Before he became a full-time musician, Hayes was a middle-school teacher in Arlington, Tennessee, a Memphis suburb.
Teaching afforded him the time off to pursue his career in music.
"Being a teacher gave me the ability to tour," he said. During the two years he was teaching and touring, his band did more than 100 shows.
In 2015, he will play more than 200 shows, he said.
The seven-piece band Bryan Hayes and the Retrievers is embarking on its first coast-to-coast tour, taking it as far as California and New York, as well as Texas, Oklahoma and New Mexico.
"We're going to tour nonstop until next fall," he said. "We spend most of our time out on the road."

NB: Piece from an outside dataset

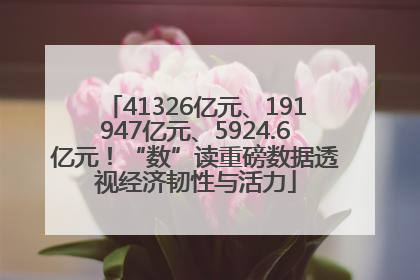 41326亿元、191947亿元、5924.6亿元！“数”读重磅数据透视经济韧性与活力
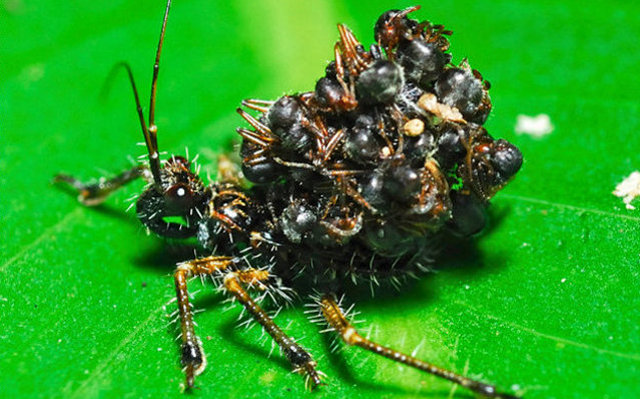This is the assassin bug, a Malaysia native that, after it's finished sucking the liquified internals of its victims, attaches their corpses to its back for armor/intimidation.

When he's not on the road, he is at his farm in the rural community of Moscow, Tennessee, about 30 miles east of Memphis.
A studio situated on the farm bears the name Farmhouse Recording.
Hayes said he and his wife foster abused and neglected dogs on the farm, and that sparked the idea for the name of the band, the Retrievers.
"We're dog junkies," he said.
He also has an independent record label, Retrievers Records, which he uses mostly to release the work of new and upcoming artists, many of whom are local to his Tennessee home.
The 43-year-old musician has worked as a singer and songwriter since 2004, when he released his first album, "Just a Man." By 2006, he had released a second album, "Long Hard Road," followed by a third, "Still Just a Man."
All his albums, as well as the bands' merchandise, are available at www.bryanhayesmusic.com.
The album also may be purchased on www.Amazon.com. Downloads of the songs are available on iTunes and CD Baby.
Proceeds from downloads of the song "I Want to Run," one of the songs composed in Iraq, go to the Wounded Warrior Project.
Hayes will perform at 6 p.m. Sept. 4 at Cup 'n' Cork, 11 S. Spanish St. in Cape Girardeau.
Pertinent address:
11 S. Spanish St., Cape Girardeau, Mo.